(Short text fragments from websites)
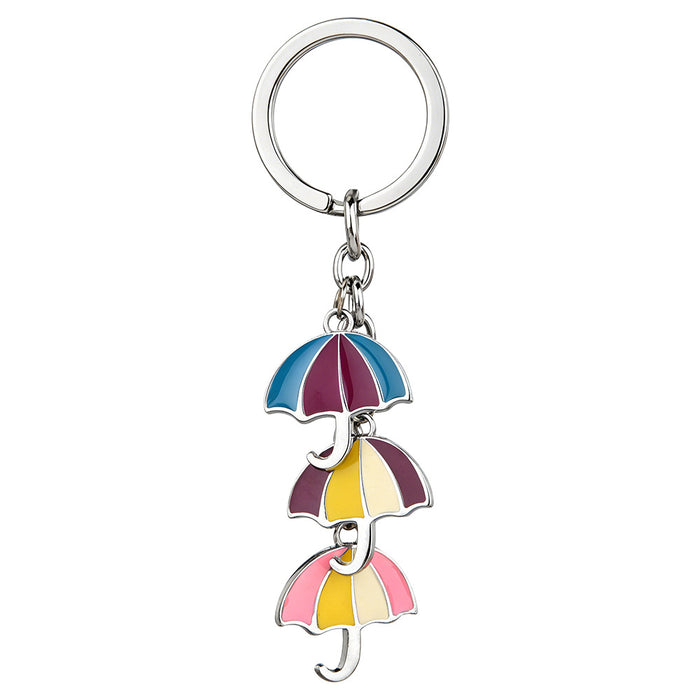 Wholesale Trendy Multi Pendant Aluminum Alloy Keychain Beach Vacation Cute Cartoon Theme Bag Charm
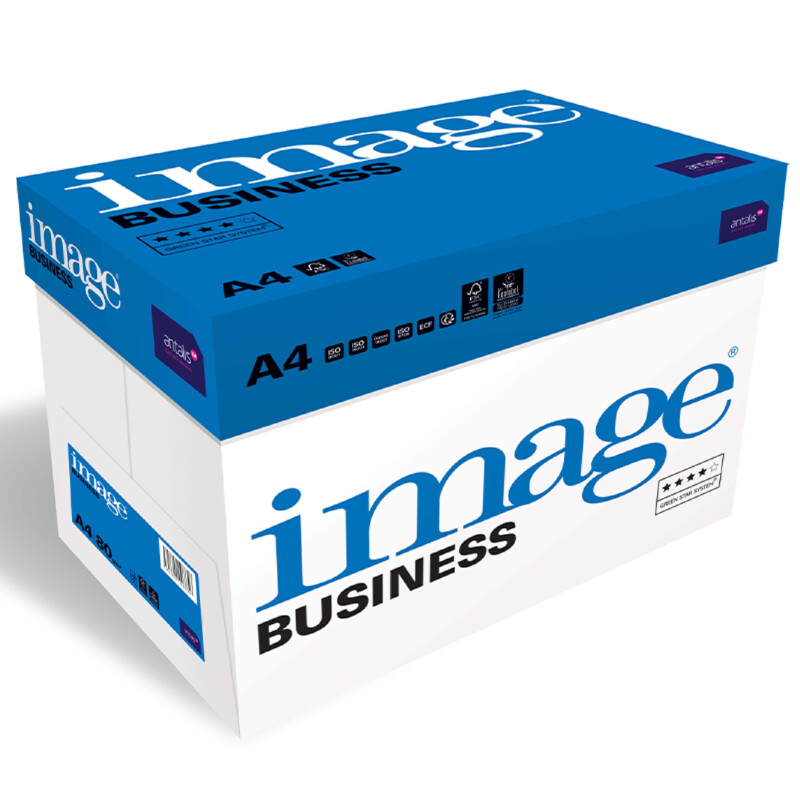 Kopierpapier Image Business A4 80g, hochweiss 1 Palette 100'000 Blatt Box zu 5 x 500 Bl./Bg., FSC mix credit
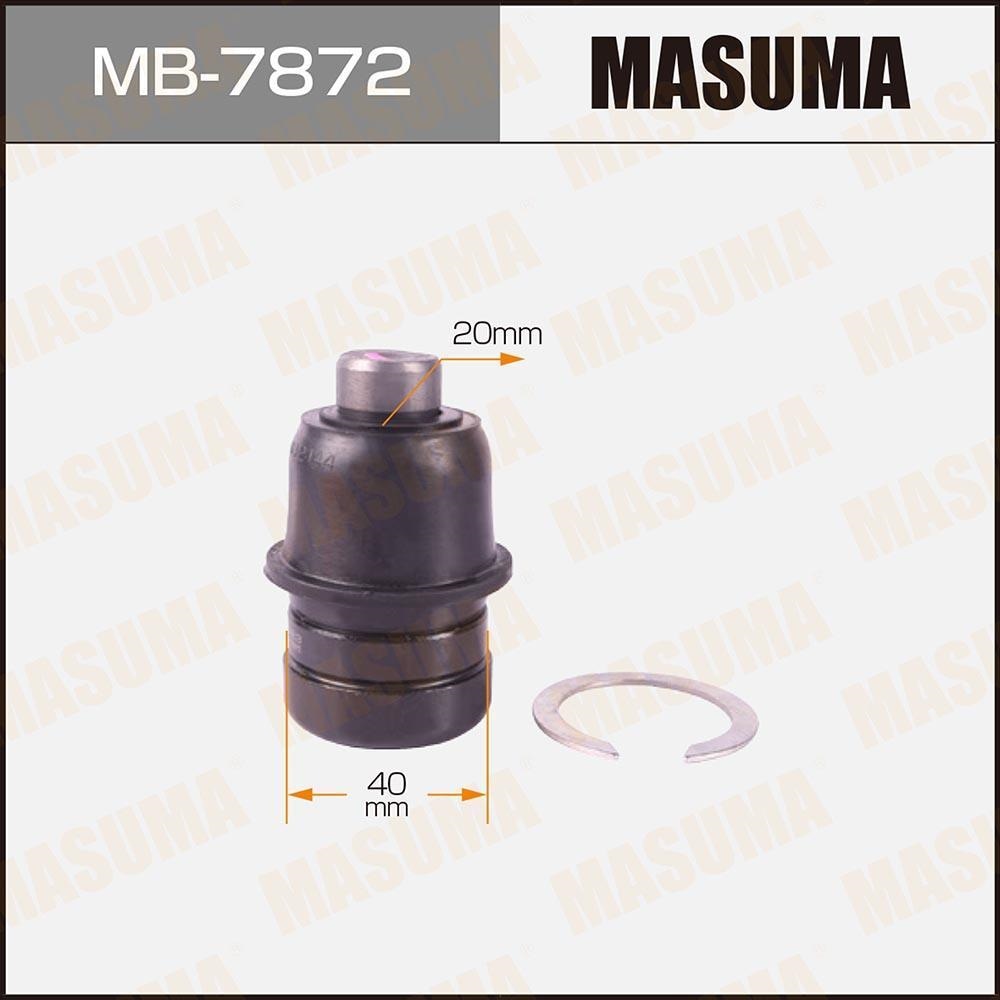 MASUMA MB7872 Опора шаровая MITSUBISHI LANCER 03-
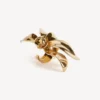 Anel para o mindinho «Bloom» para mulher em ouro brilhante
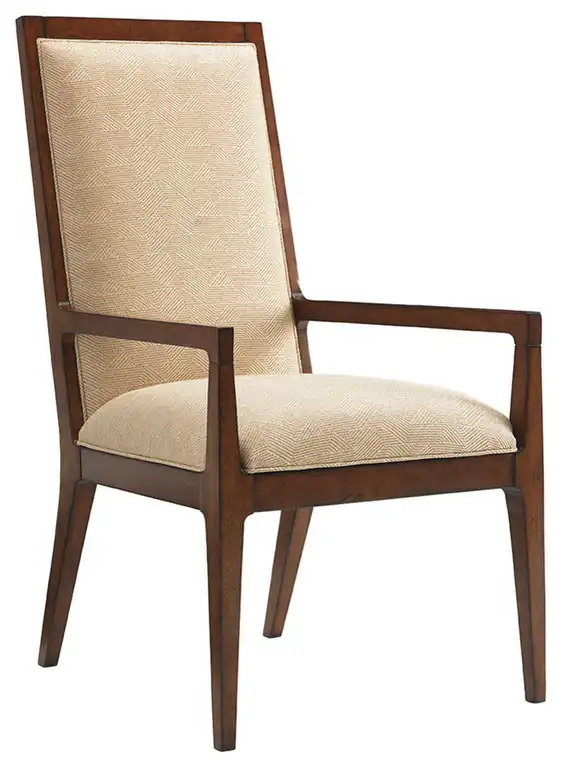 Tommy Bahama Home Island Fusion Natori Slat Back Arm Chairs, Set of 2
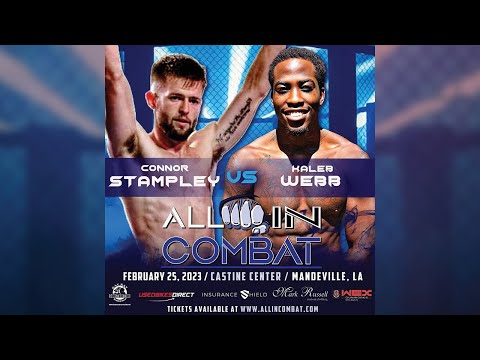 All In Combat 1 - Connor Stampley vs. Kaleb Webb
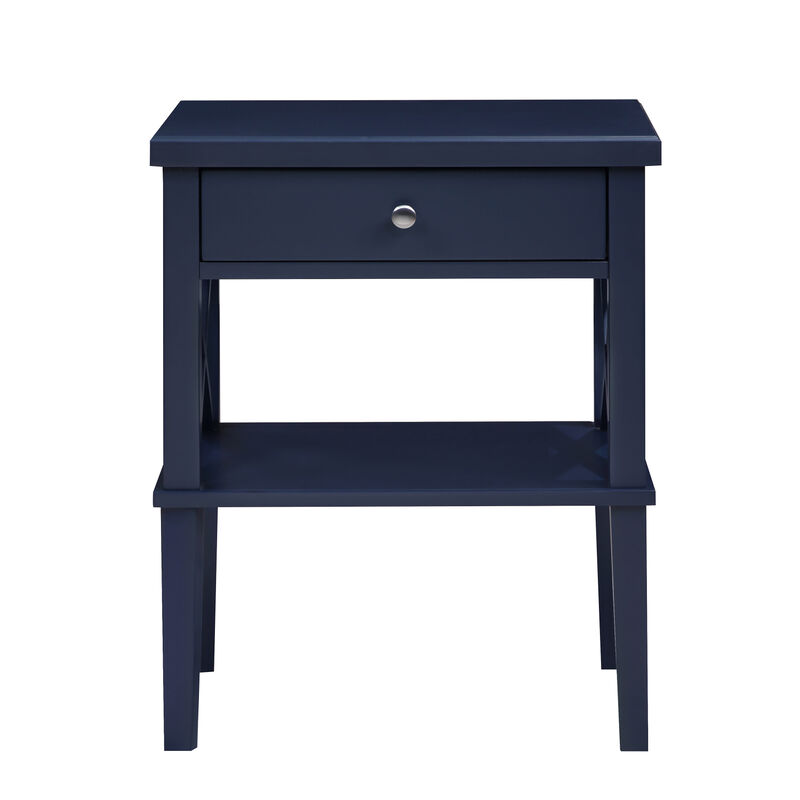 Streamdale Madison Midnight Blue Nightstand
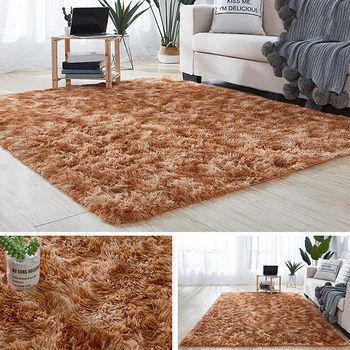 

14 Colors Large Size Ultra Soft Tie-Dye Plush Carpet Fluffy Area Rug For Bedroom Living Room Anti-slip Floor Mats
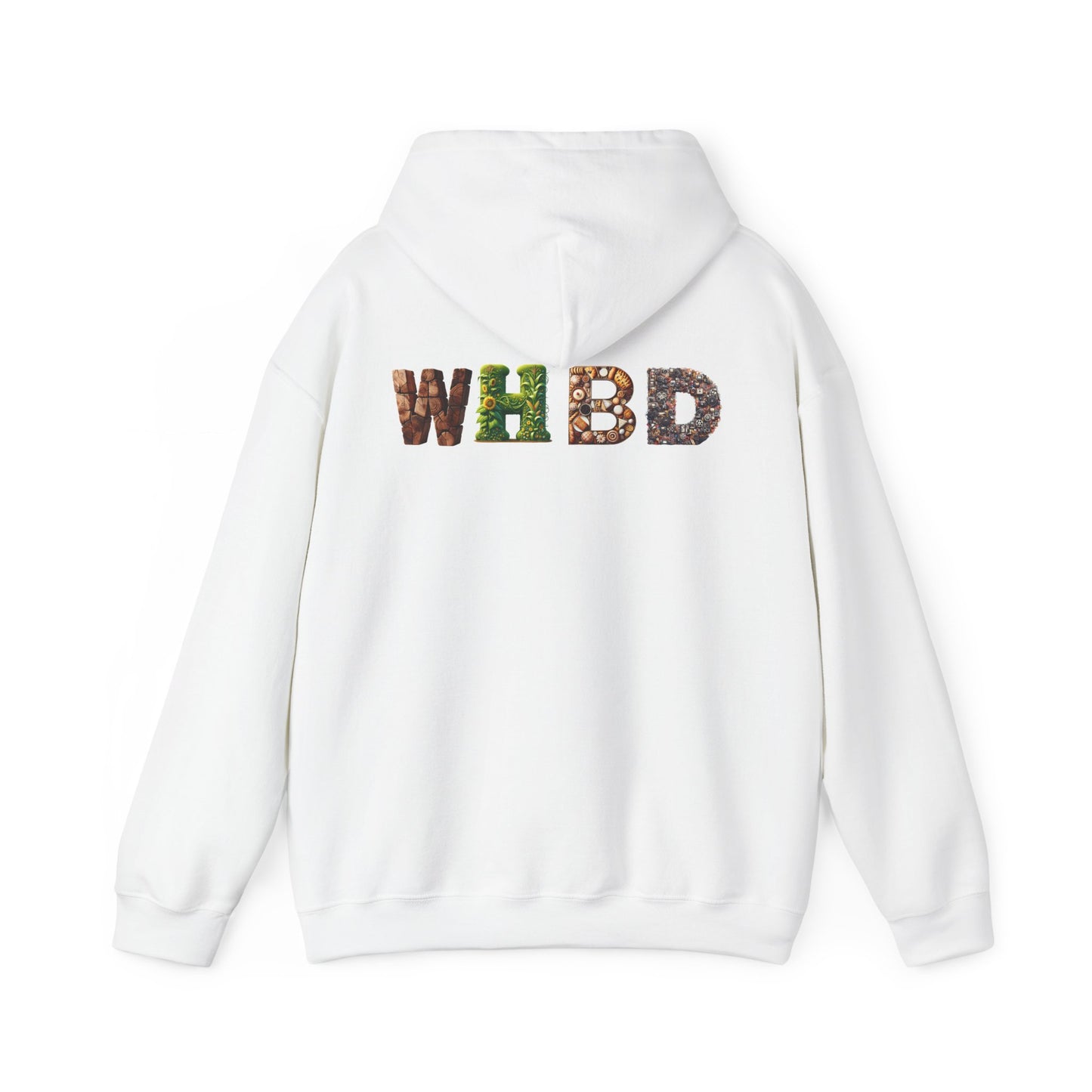 Nature-Inspired WHBD Hoodie, Cozy Sweatshirt for Nature Lovers, Perfect for Fall, Earth Day, Gift for Friends, Unisex Apparel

EXERCISE AIM:
Print only the lines from the first line of the data above through the one containing "Streamdale Madison Midnight Blue Nightstand", exactly as they are, with pictures omitted.

TASK OUTPUT:
 Wholesale Trendy Multi Pendant Aluminum Alloy Keychain Beach Vacation Cute Cartoon Theme Bag Charm
 Kopierpapier Image Business A4 80g, hochweiss 1 Palette 100'000 Blatt Box zu 5 x 500 Bl./Bg., FSC mix credit
 MASUMA MB7872 Опора шаровая MITSUBISHI LANCER 03-
 Anel para o mindinho «Bloom» para mulher em ouro brilhante
 Tommy Bahama Home Island Fusion Natori Slat Back Arm Chairs, Set of 2
 All In Combat 1 - Connor Stampley vs. Kaleb Webb
 Streamdale Madison Midnight Blue Nightstand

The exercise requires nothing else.